The Iowa Learning Farms program, a statewide educational effort aimed at helping farmers and landowners take better care of Iowa’s soil and water resources, is celebrating its 15th anniversary this year. ILF will begin the year by hosting a webinar at 12:30 p.m. Jan. 16 featuring Iowa Secretary of Agriculture Mike Naig.
Jacqueline Comito, ILF program director, will talk with Naig about conservation, water quality and the secretary’s vision for Iowa. They will also discuss the Iowa Nutrient Reduction Strategy and how Iowans are working to meet the nitrogen and phosphorus loss reduction goals outlined in the strategy. Webinar viewers will be able to submit questions for Naig during the webinar through the Zoom Webinar software.
To participate in the webinar, go to Iowa Learning Farms shortly before 12:30 p.m. Jan. 16 and choose to join the webinar.
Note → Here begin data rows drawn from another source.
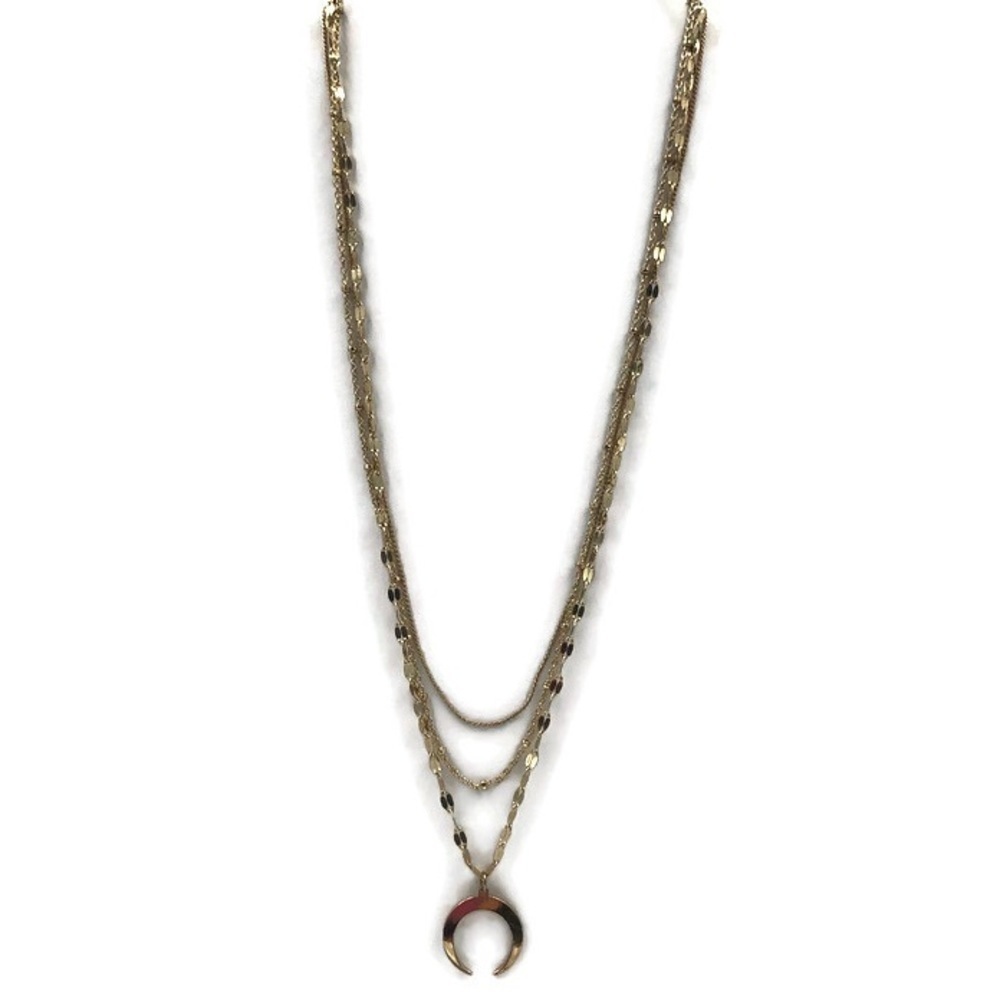 Necklace autumn half moon boho layered gold Tone - Picture 2 of 9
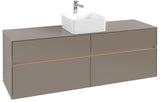 Villeroy & Boch Collaro Waschtischunterschrank 1600 mm mit LED-Beleuchtung und 4 Auszügen in Soft Grey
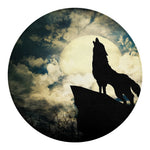 Wolf Howling At The Full Moon Print Round Blanket
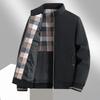 Men's Autumn Business Stand-up Collar Jacket - Solid Color, Plus Size, Casual & Versatile for Middle-aged and Young Men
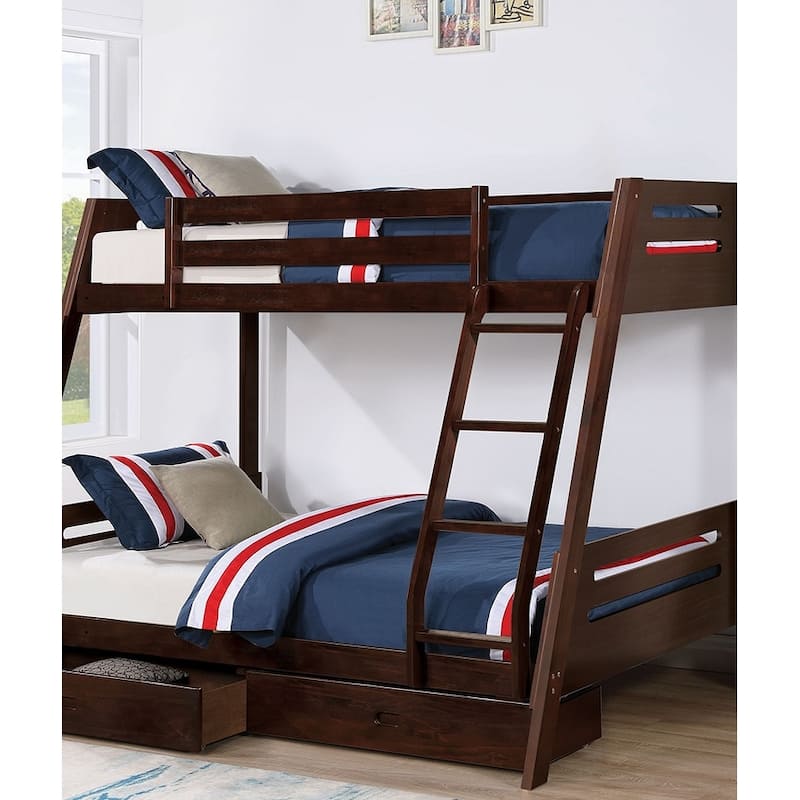 Twin-over-Full Wood Bunk Bed with Underbed Drawers and Reversible Ladder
The webinar will also be recorded and archived on the ILF website for watching at any time and will be available as a Conservation Chat podcast for download and streaming.
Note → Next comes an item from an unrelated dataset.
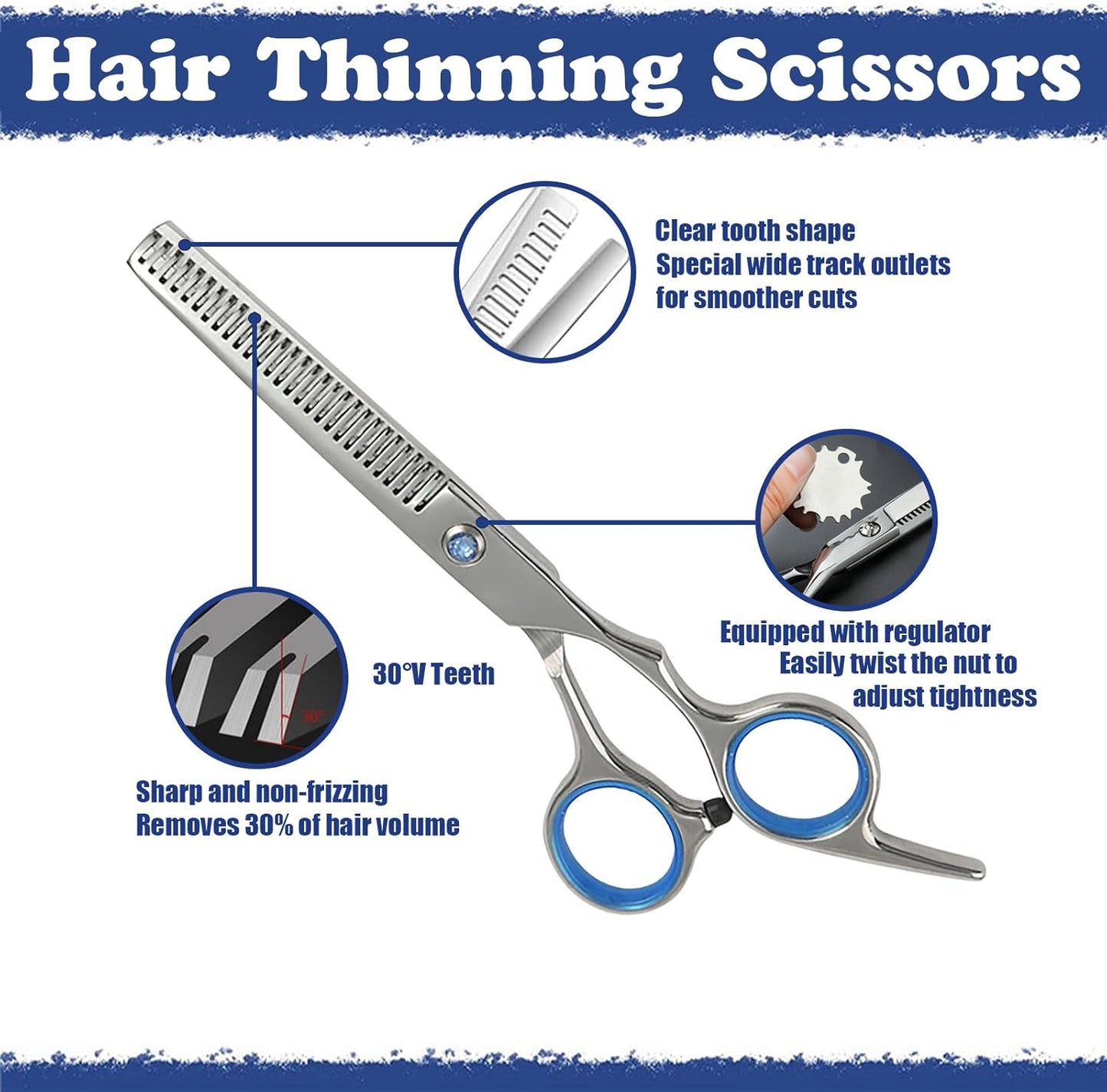 Professional Hair Cutting Scissors Kit - 27PCS Stainless Steel Barber Shears Set | 6.5 Inch Cutting & Thinning Scissors for Home Salon Use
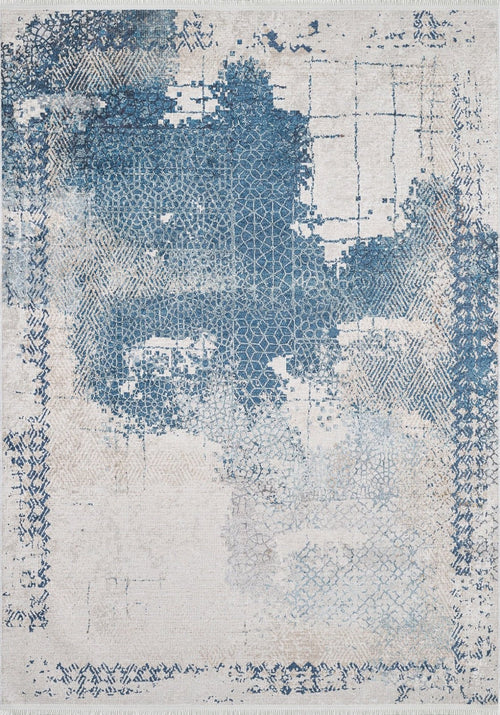 Amravati Blue Frame Digital Print Area Rug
The ILF statewide educational program strives to reach farmers and landowners regarding conservation issues. It is coordinated by Iowa State University Extension and has several other partners, including state agencies, which help fund ILF.
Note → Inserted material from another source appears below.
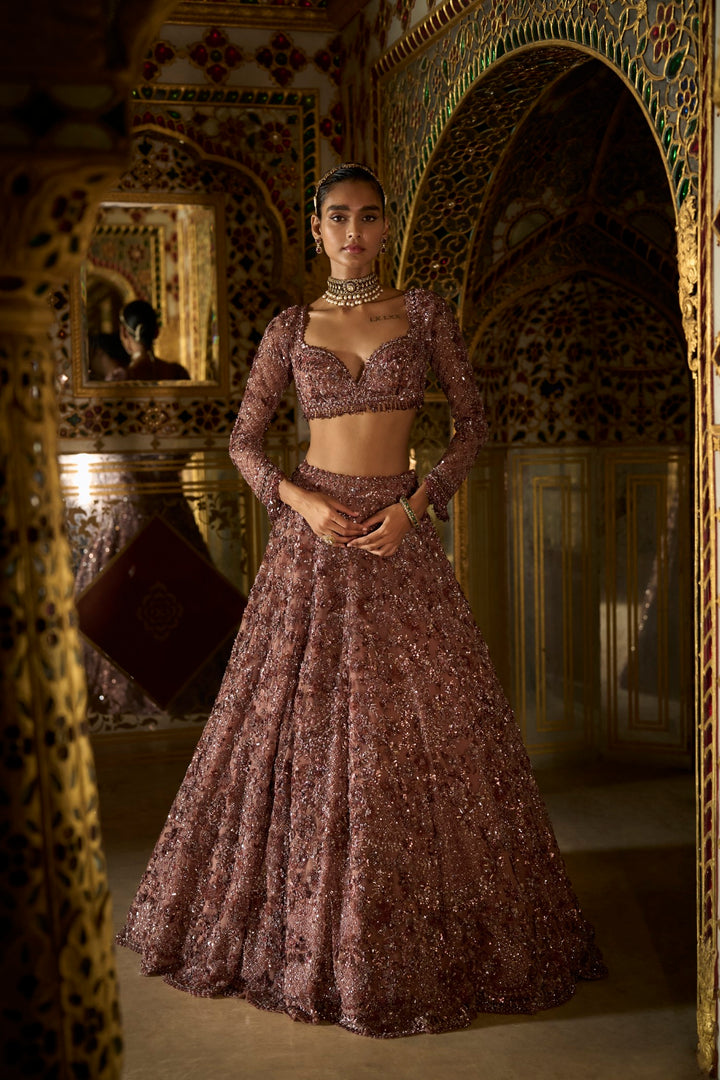 Plum Crystal Lehenga Set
In a recent interview with Wallaces Farmer magazine, Naig said he is still focused first and foremost on the Iowa Nutrient Reduction Strategy. He emphasized that “we must protect our soil and water resources.”
Naig grew up on a farm near Cylinder in northwest Iowa and says soil and water conservation has always been an important issue to him.
Focus on goals
“Agriculture is very valuable to Iowa’s economy,” Naig said in the interview. “Agriculture is driven by our natural resources: soil and water. We have a long history of working to protect soil and water in this state. And we recently celebrated the fifth anniversary of the Iowa Nutrient Reduction Strategy. Iowa has made significant accomplishments in five years, toward reaching the goals outlined by the strategy. But this is also a time to rededicate ourselves to the work that is still needed to get us to where we need to go in the future, to protect these valuable, productive resources.”
Naig will continue to promote the use of cover crops. “We need several million more acres of cover crops planted in the state of Iowa,” he said. “Cover crops are an important part of the plan to protect and improve water quality in this state. Cover crops aren’t easy to manage; you must know what you are doing and have a plan. We will continue to help educate our farmers and landowners in Iowa regarding how to make cover crops work successfully on their farms.”
Naig said the use of precision agriculture needs to be expanded to help carry out the goals of the nutrient reduction strategy. “We need to look at our farms and ask, ‘What’s the best use of this land? Is it best used for row-crop production? Should it be seeded down to a forage crop instead? Should it be a man-made wetland?
“We have in-the-field practices and edge-of-field practices that need to be more widely used. Such as wetlands, bioreactors, saturated buffers and more. Precision agriculture with mapping and using GPS are technology tools that can help us become better at targeting and using the right practices for the characteristics of fields and parts of fields that have unique conservation needs.”